The vaccination campaign is increasing speed around the world

The campaign to beat the coronavirus is growing rapidly in some places, and Britain is starting to deliver the second vaccine to its arsenal on Monday. But authorities in France and other European countries are under fire for slow deployments and delays.

In the U.S., government officials reported that vaccinations have accelerated markedly after a slow start. Dr. Anthony Fauci, the country’s top infectious disease expert, said over the weekend that 1.5 million shots were administered in 72 hours, bringing the total for the past three weeks to about 4 million. .

On Monday, Britain became the first nation to start using the COVID-19 vaccine developed by AstraZeneca and Oxford University, which stepped up its nationwide inoculation campaign amid high rates of infection guilty of a new and apparently more contagious variant of the virus.

Brian Pinker, an 82-year-old dialysis patient, received the first shot at Oxford University Hospital and said in a statement: “I can now look forward to celebrating my 48th wedding anniversary.”

Britain’s vaccination program began on December 8 with the shot developed by Pfizer and its German partner BioNTech.

The country has recorded more than 50,000 new coronavirus infections a day over the past six days and deaths have risen from 75,000, one of the worst tolls in Europe.

Prime Minister Boris Johnson announced a wave of closures almost the weekend before Christmas and warned on Monday that “hard and tough” weeks are ahead and that there will soon be stricter restrictions: “If you look at the numbers , there is no doubt that we will have to take tougher action. “

Israel appears to be among the world leaders in the vaccination campaign, inoculating more than a million people, or about 12% of its population, in just over two weeks. The effort has been driven by a centralized, high-quality health system and by the country’s small concentrated population.

Elsewhere, France’s cautious approach seems to have come back, leaving only a few hundred people vaccinated after the first week and rekindling anger over the government’s management of the pandemic.

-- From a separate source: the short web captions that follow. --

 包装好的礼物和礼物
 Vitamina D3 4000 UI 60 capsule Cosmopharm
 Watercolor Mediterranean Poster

The slow deployment has been attributed to mismanagement, staff shortages during the holidays and a complex consent policy designed to accommodate vaccine skepticism among the French.

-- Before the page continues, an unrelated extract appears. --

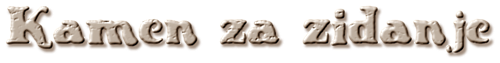 Kamen za zidanje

“It’s a state scandal,” Jean-Rottner, president of the Grand-Est region of eastern France, told France-2 television. “Getting vaccinated is getting more complicated than buying a car.”

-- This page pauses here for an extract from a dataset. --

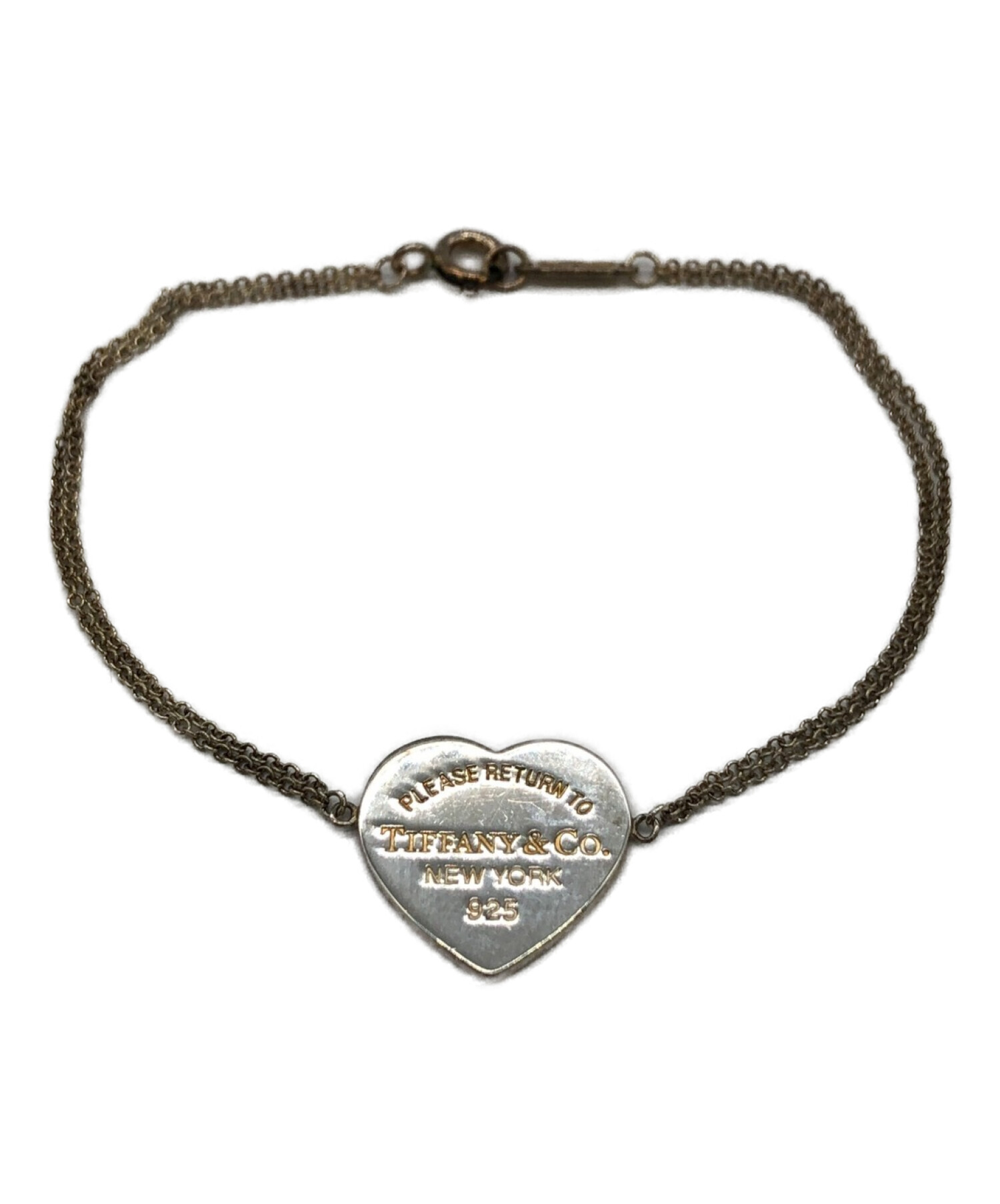 中古・古着通販】TIFFANY & Co. (ティファニー) ハート タグ ダブル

Health Minister Olivier Veran promised that by the end of Monday “several thousand” people will have been vaccinated, at a rate that will increase during the week. But this would still leave France far behind its neighbors.

The French media aired graphs comparing vaccine figures from several countries: in France, a nation of 67 million people, only 516 people were vaccinated in the first six days, according to the French Ministry of Health. The German total in the first week exceeded 200,000 and that in Italy exceeded 100,000. Millions of people have been vaccinated in the US and China.

The European Union also faced growing criticism over the slow deployment of COVID-19 features in the 27 million 450 million population block.

EU Commission spokesman Eric Mamer said the main problem “is a problem of production capacity, an issue that everyone faces”.

The EU has sealed six vaccine contracts with several manufacturers. But only the Pfizer-BioNTech vaccine has been approved so far for use across the EU. EU drug regulators are expected to decide on Wednesday whether it is recommended to authorize the Modern vaccine.

Aspects of British vaccination plans have also sparked controversy.

British health authorities want to give the first dose to as many people as possible, instead of keeping the vaccine in reserve to make sure recipients receive the second shot on time a few weeks later. The plan requires extending the time between doses to up to 12 weeks.

Although two doses are needed to completely protect yourself from COVID-19, one dose offers a high level of protection.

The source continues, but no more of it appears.